USS Noble (APA-218) was a  which saw service with the US Navy in World War II, the Korean War, and the Vietnam War. She was later transferred to the Spanish Navy in the 1964 under a mutual assistance agreement. Noble was named after Noble County, Indiana, Noble County, Ohio, and Noble County, Oklahoma.

Construction
Noble was laid down 20 July 1944, under Maritime Commission (MARCOM) contract, MCV hull 566, by Permanente Metals Corporation, Yard No. 2, Richmond, California; as a modified Victory ship; completed by the Kaiser Shipyard at Richmond; launched 18 October 1944; sponsored by Mrs. Maxine C. Jones; acquired by the Navy 27 November 1944; and commissioned the same day, Commander, later Rear Admiral, Solomon S. Isquith in command.

Operational history

World War II
Nobles primary mission was to transport to a combat area the men and some of the material necessary for an assault on an enemy shore. Her main armament, her boat group, was designed to deliver her troops and cargo to the beach in a planned and orderly fashion. After discharging troops and equipment, she could evacuate casualties or prisoners of war.

Invasion of Okinawa

In January 1945, Noble steamed westward to participate in the Okinawa campaign.

Post-war duties
Upon termination of the war, she assisted in the delivery of released allied prisoners of war from Korea to the Philippines. She also participated in Operation Magic Carpet, returning servicemen from the Pacific to the United States. Noble was attached to the US Atlantic Fleet from 1946 through 1949, operating out of Norfolk, Virginia.

Korean War
Noble returned to San Diego 13 September 1949, and was undergoing overhaul at Mare Island Naval Shipyard, San Francisco, when war broke out in Korea in June 1950. In August, she steamed to Korea to participate in the September Inchon amphibious assault. Thereafter, she assisted in the transport of US and foreign troops and equipment to and from the Korean combat zone.
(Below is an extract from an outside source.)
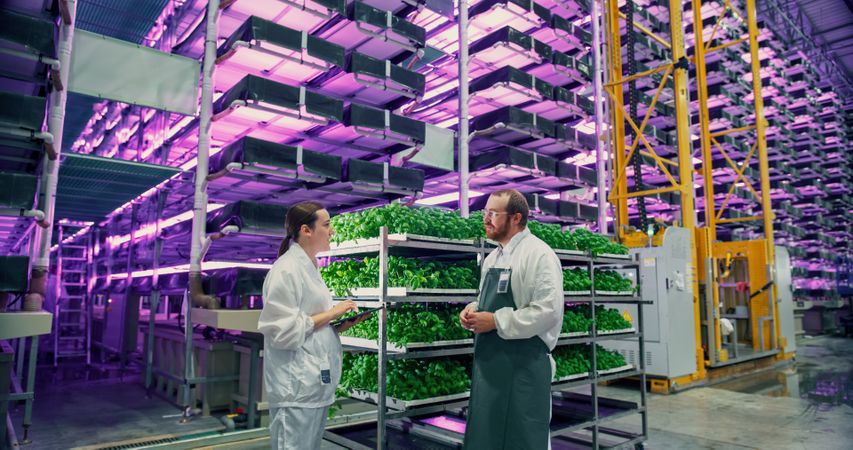 Agricultural Engineer and Female Scientist Discussing Basil Leaves Quality on Vertical Farm With Neon Led Lights.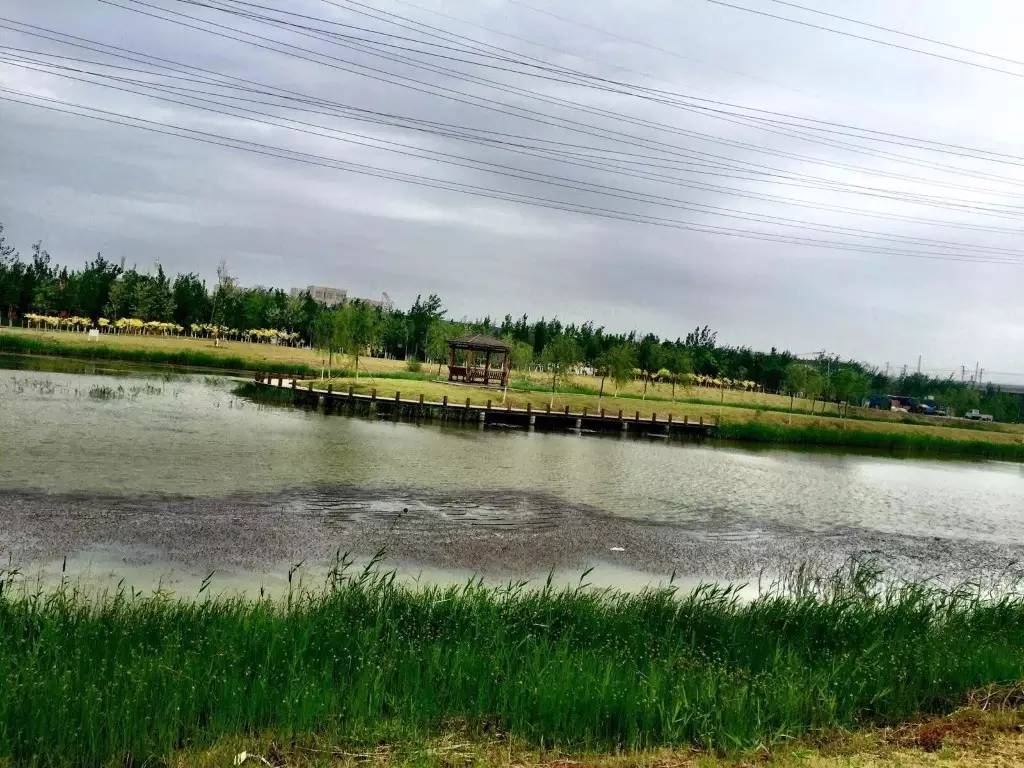 天津一共有多少个公园,天津有哪八个公园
In July 1953, she participated in Operation Big Switch, moving Communist North Korean prisoners from Koje Do to Inchon pursuant to the armistice agreement.

Peacetime operations
Subsequent to the Korean War, Noble conducted training operations in both the eastern and western Pacific areas. In 1955, she assisted in the evacuation of Chinese civilians and military from the Tachen Islands to Formosa. The ship appeared in the 1956 20th Century Fox movie D-Day the Sixth of June starring Robert Taylor, Richard Todd and Dana Wynter and in the 1956 movie Between Heaven and Hell starring Robert Wagner, Terry Moore, and Buddy Ebsen. At the outset of the Cuban Missile Crisis on 27 October 1962, Noble embarked 1,400 Marines with their equipment and steamed for the Caribbean in company with other Pacific Fleet amphibious units. She returned to San Diego in December, then deployed to WestPac in March 1963 for a tour with the Seventh Fleet Amphibious Ready Group.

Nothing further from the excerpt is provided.